TASK PROMPT >>
Through the end of the data below, output every line exactly, beginning with the line that contains "15 Woodcrest Dr, Oroville".

DATA EXTRACTS >>
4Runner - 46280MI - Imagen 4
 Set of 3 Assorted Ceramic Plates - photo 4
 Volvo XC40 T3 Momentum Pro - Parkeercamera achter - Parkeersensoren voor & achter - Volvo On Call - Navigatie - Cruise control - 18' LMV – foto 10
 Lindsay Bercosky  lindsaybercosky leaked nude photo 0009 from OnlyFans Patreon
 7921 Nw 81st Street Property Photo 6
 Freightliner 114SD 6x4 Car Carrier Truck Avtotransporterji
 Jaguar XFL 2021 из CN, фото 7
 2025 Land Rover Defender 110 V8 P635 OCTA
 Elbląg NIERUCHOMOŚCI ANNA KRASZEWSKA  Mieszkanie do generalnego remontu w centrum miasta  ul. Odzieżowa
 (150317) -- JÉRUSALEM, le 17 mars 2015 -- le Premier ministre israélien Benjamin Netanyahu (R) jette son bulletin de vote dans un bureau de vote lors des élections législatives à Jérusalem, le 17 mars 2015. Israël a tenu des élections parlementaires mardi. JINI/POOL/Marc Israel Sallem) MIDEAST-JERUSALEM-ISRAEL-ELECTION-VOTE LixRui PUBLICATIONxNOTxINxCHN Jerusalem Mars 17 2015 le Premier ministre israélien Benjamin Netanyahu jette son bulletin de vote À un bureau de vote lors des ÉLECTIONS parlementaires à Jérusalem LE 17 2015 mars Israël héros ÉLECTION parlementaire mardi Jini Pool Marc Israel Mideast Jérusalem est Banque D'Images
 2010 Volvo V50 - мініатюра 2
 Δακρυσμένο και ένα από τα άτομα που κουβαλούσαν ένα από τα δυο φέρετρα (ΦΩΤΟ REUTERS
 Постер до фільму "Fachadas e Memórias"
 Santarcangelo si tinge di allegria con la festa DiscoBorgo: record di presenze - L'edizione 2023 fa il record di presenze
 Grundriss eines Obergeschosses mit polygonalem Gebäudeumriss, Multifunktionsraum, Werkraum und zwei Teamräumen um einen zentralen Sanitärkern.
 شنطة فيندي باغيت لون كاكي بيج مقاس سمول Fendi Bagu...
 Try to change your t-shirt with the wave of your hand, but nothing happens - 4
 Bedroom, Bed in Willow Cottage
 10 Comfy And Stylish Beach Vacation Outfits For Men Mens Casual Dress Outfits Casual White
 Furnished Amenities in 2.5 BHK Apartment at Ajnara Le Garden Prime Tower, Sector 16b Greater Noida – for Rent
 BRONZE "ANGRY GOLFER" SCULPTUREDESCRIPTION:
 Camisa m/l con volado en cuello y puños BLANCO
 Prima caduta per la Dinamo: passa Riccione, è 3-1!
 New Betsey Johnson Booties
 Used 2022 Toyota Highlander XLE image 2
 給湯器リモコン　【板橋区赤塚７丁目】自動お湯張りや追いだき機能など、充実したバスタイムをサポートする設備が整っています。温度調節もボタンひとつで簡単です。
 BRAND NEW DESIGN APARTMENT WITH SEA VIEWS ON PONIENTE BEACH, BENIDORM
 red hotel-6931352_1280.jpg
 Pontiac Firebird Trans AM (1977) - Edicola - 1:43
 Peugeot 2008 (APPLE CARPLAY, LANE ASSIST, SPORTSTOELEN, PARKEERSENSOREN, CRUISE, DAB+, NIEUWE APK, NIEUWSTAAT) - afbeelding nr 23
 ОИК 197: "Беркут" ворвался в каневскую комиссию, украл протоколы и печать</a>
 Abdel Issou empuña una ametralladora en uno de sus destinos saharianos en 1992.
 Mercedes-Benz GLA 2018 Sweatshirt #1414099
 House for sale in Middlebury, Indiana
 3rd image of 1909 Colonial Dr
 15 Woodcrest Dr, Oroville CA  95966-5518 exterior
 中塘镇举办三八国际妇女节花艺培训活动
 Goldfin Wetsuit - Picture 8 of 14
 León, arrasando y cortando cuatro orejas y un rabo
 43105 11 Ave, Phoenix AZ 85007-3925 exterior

OUTPUT BELOW >>
 15 Woodcrest Dr, Oroville CA  95966-5518 exterior
 中塘镇举办三八国际妇女节花艺培训活动
 Goldfin Wetsuit - Picture 8 of 14
 León, arrasando y cortando cuatro orejas y un rabo
 43105 11 Ave, Phoenix AZ 85007-3925 exterior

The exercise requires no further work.